Optimization device for a neural network Claim 11 wherein the analysis module (1010) sets a threshold reflecting the restriction requirements and analyzes whether the estimated performance exceeds the threshold.

Optimization device for a neural network Claim 10 The module for creating a new neural network (110) includes: a subset generator (1100) configured to generate the subset that includes at least one change layer structure created by changing the layer structure of the section ; and a subset performance test module (1120) configured to test the subset performance using the estimated performance and to determine the optimal layer structure to generate the new neural network.

Optimization device for a neural network Claim 13 , wherein: the module for creating a new neural network (110) performs reinforcement learning to generate the subset and to determine the optimal layer structure, and the optimizer for a neural network further comprises: a subset learning module (1110) that configures is to learn the subset created by the new neural network creation module (110); and a reward module configured to reward the subset generation module (1100) based on the subset learned by the subset learning module (1110) and the subset performance checked by the subset performance check module.
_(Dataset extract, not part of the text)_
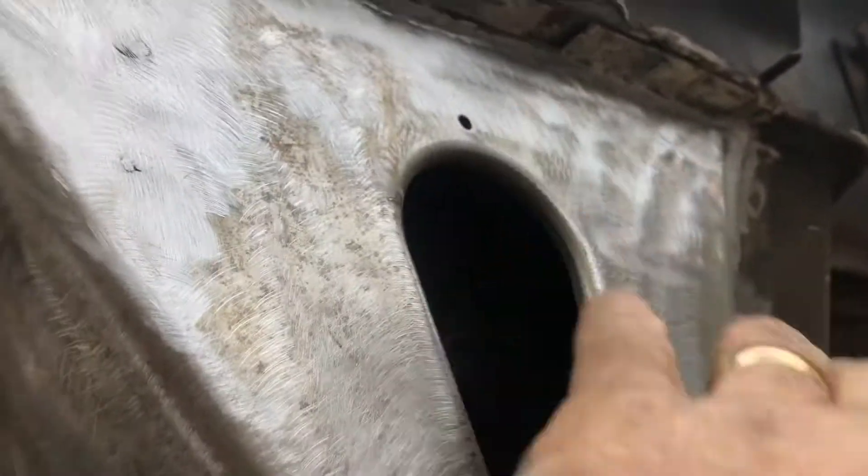Alright YouTubers, we got the right side cab mount done. If you can see it, it's got six spot welds across the top, it's got three on each side, then it's welded solid around here, all the way around, so that's not going anywhere.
Optimization device for a neural network Claim 10 wherein the final neural network output module (120) includes: a final neural network performance test module (1200) configured to test the final neural network performance; and a final output module (1210) configured to output the final neural network.
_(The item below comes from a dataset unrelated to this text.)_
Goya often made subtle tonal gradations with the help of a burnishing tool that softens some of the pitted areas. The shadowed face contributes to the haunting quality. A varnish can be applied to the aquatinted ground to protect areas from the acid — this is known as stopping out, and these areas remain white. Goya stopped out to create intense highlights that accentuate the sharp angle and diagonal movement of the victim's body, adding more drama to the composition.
Optimization device for a neural network Claim 10 , wherein the performance estimation module (130) outputs the estimated performance for a single indicator.

Optimization device for a neural network Claim 10 , wherein the performance estimation module (130) outputs the estimated performance for a compound indicator.
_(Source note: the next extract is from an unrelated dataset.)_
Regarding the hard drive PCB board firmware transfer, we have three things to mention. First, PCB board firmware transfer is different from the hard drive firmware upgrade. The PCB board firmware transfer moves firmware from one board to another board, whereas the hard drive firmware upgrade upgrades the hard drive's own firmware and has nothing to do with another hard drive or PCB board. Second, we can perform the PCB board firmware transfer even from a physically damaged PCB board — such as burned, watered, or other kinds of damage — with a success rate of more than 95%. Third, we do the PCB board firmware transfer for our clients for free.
Optimization device for a neural network Claim 10 wherein: the restriction requests include a first restriction request and a second restriction request different from the first restriction request, and wherein the estimated performance includes a first estimated performance according to the first restriction request and a second estimated Performance according to the second restriction request, the section selection module (100) selects a first section in which the first estimated performance differs from the first restriction request in the neural network and selects a second section in which the second estimated performance deviates from the second restriction requirement, and the module for creating a new neural network (110) changes the first section into a first optimal layer structure and changes the second section into a second optimal layer structure to generate the new neural network, and wherein the the first optimal layer structure is a layer structure which is determined by reinforcement learning of the layer structure contained in the first section, and the second optimal layer structure is a layer structure which is determined by reinforcement learning of the layer structure contained in the second section.

Optimization method for a neural network, comprising: Estimating an estimated performance based on performing neural network operations and resource constraint requests used to perform the neural network operations; Selecting a portion of the neural network that deviates from the constraint requirements based on the estimated performance; Generating a subset through reinforcement learning by changing a layer structure contained in the section of the neural network and determining an optimal layer structure based on the estimated performance; Changing the section to the optimal layer structure to create a new neural network; and Output the new neural network as a final neural network.

Optimization procedure for a neural network Claim 19 wherein selecting a portion of the neural network that deviates from the restriction requirements comprises: receiving information from the neural network; Searching the neural network information and analyzing whether the estimated performance deviates from the constraint requirements; and Set a layer in which the estimated performance differs from the restriction requirements as the section.